Today’s Gospel reading takes a step back in time, taking place in some quiet moments in between the raising of Lazarus and the events of Palm Sunday. It shows Jesus simply spending time with his good friends, Mary, Martha and Lazarus. But word has spread of the miracle that has taken place in Bethany, and crowds are starting to gather. Here’s what happens next:
When the great crowd … learned that he was there, they came not only because of Jesus but also to see Lazarus, whom he had raised from the dead. So the chief priests planned to put Lazarus to death as well, since it was on account of him that many of the people were deserting and were believing in Jesus (John 12.9-11).
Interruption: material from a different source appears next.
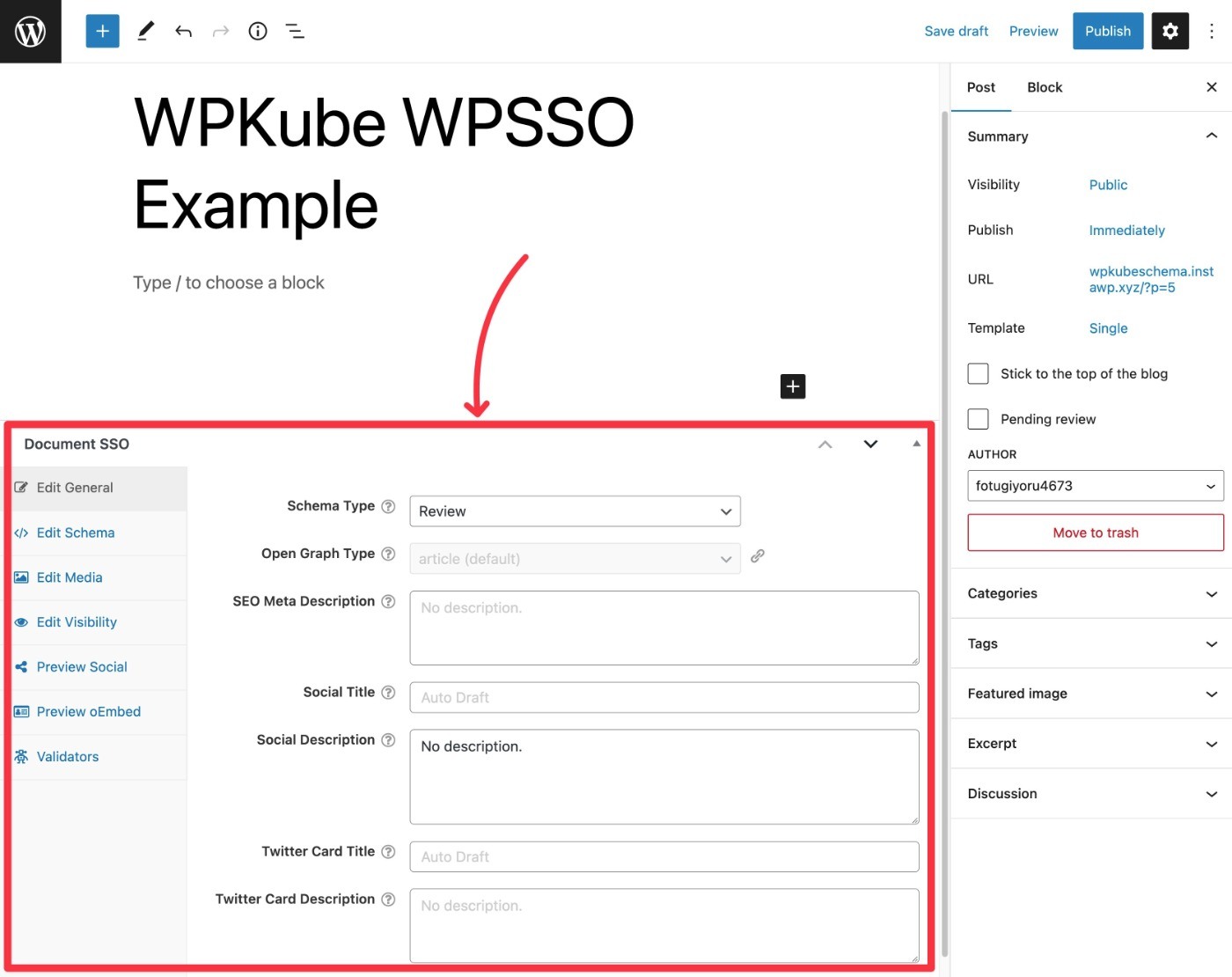 Boîte méta WPSSO pour les messages individuels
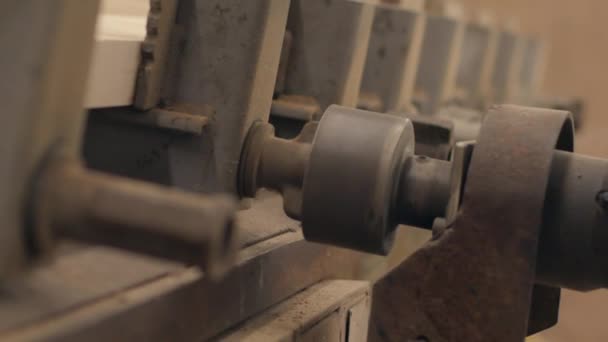 Industrial Machine Tightens Bolts Workshop Close Slow Motion — Stock Video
It’s easy to act shocked at this. But it’s a pretty typical human response to seeing something we don’t want to see. It’s similar to why our first instinct when we see a strange bug in our homes is to smash it, or why people who call attention to big problems — think whistle-blowers, or women who call out sexual harassment, or climate scientists, or those who protest racial violence — are often seen as troublemakers. All too often, for those in power, if a problem isn’t visible, it doesn’t exist. And so the real problem to be solved is the person who makes them have to see it what they don’t want to see.
To the religious authorities, Lazarus is a problem. Jesus has drawn their ire by speaking truth to them and not being impressed by their authority. And now he goes and raises a man from the dead, undermining their power even more. Lazarus is a problem, and so he must be destroyed.
Of course, Lazarus is not actually a problem. In fact he’s a glorious sign of the coming of God’s kingdom, a symbol of life’s ultimate power over death. The real problem is that the authorities have become so comfortable and confident in their own power, that they are closed to what God is doing in their very midst, and so perceive the presence and power of God as a threat.
It’s far easier to see this tendency in others — especially those with more power and privilege than we have — than it is to see it in ourselves. But we’d be foolish to think that this tendency is not alive and well in all of our hearts. And so if yesterday’s Gospel challenged us to meditate on where our expectations of what God ‘must’ be like might be getting in the way of our truly seeing and knowing God, today’s Gospel challenges us to examine in what ways we might be rejecting uncomfortable truths, about ourselves, our world, and our God.
After all, God’s Kingdom is within and among us; it would be a real tragedy to be like the chief priests in today’s Gospel and miss it.